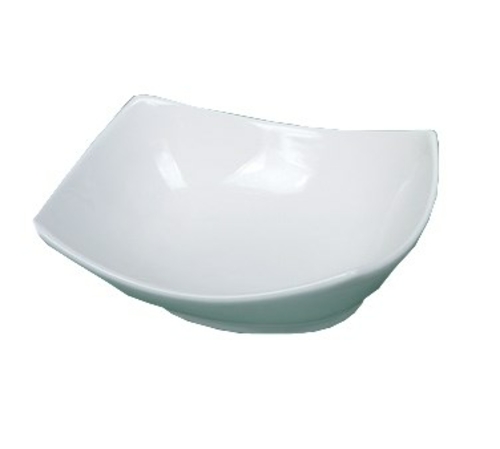 Yanco ML-608 Rectangular Bowl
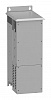 Тормозной модуль VW3A7105, VW3A7105
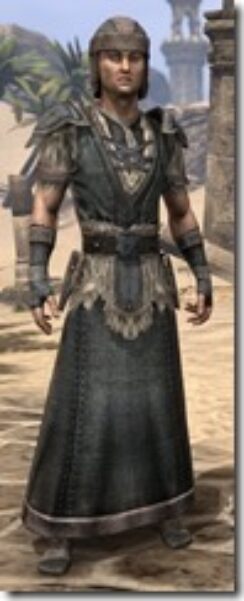 Nord-Linen-Male-Robe-Front_thumb.jpg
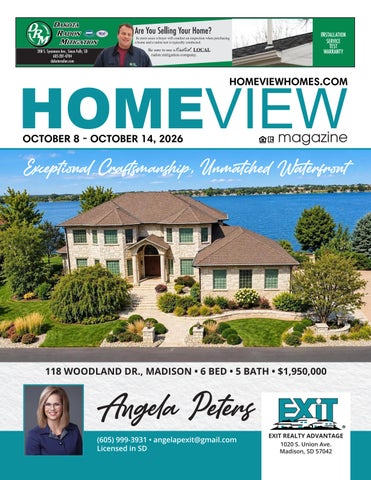 HomeVIEW_100826USE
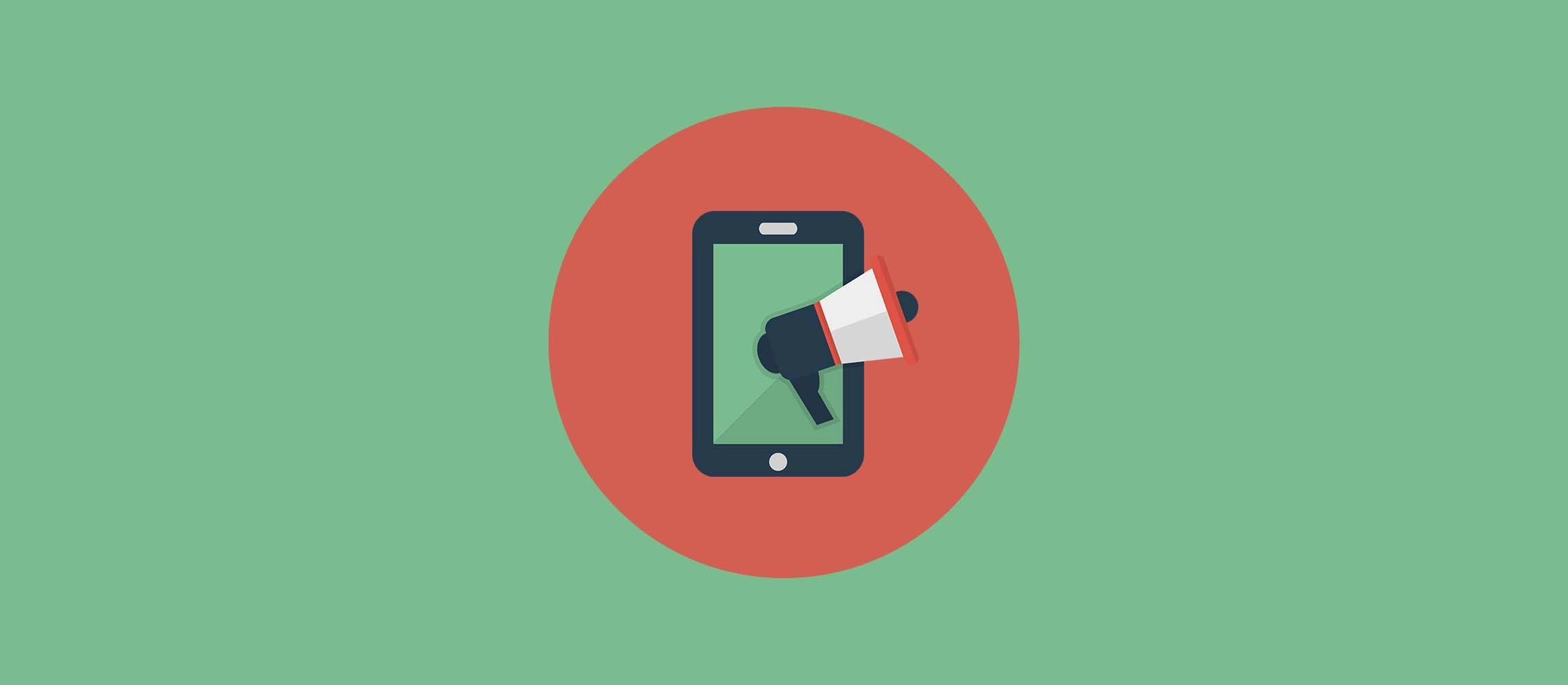 Are young people at risk due to unregulated eSports gambling ads? 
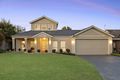 Property photo of 40 Membery Way Warrnambool VIC 3280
***
Task description:
Repeat the data above exactly, but not the pictures.

Result for this task:
 Yanco ML-608 Rectangular Bowl
 Тормозной модуль VW3A7105, VW3A7105
 Nord-Linen-Male-Robe-Front_thumb.jpg
 HomeVIEW_100826USE
 Are young people at risk due to unregulated eSports gambling ads? 
 Property photo of 40 Membery Way Warrnambool VIC 3280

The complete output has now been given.